╭──

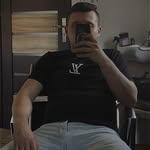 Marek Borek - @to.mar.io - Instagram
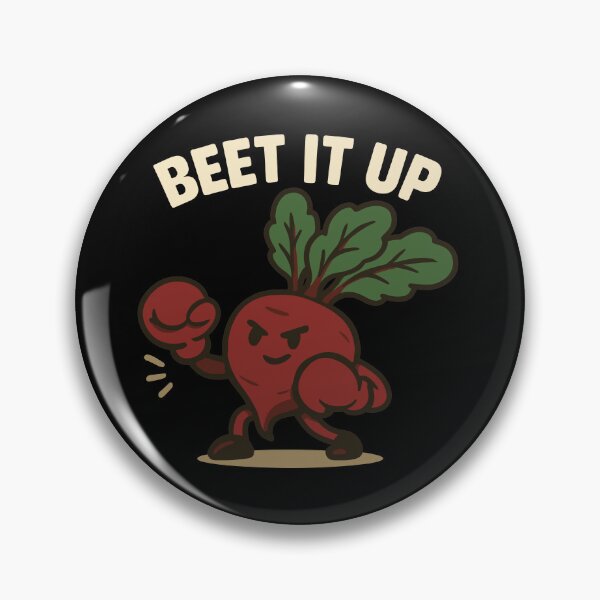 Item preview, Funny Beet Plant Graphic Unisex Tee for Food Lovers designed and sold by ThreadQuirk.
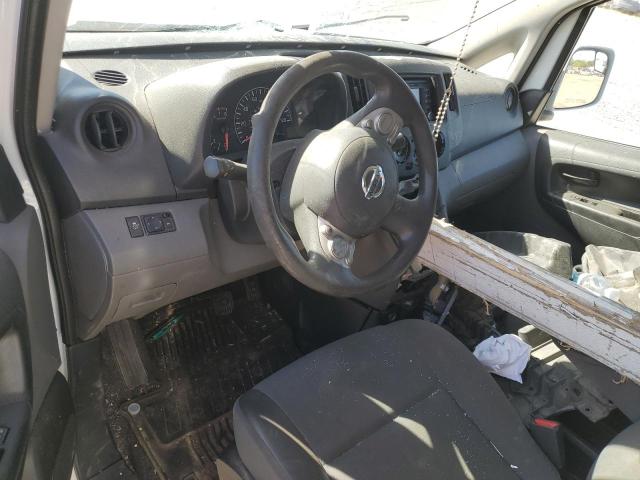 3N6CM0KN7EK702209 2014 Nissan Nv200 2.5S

╰──

• Task prompt: Your task is to restate word for word the lines from the one containing "Item preview, Funny" through the last line of the data, both ends included, with no pictures.

• Expected answer:
 Item preview, Funny Beet Plant Graphic Unisex Tee for Food Lovers designed and sold by ThreadQuirk.
 3N6CM0KN7EK702209 2014 Nissan Nv200 2.5S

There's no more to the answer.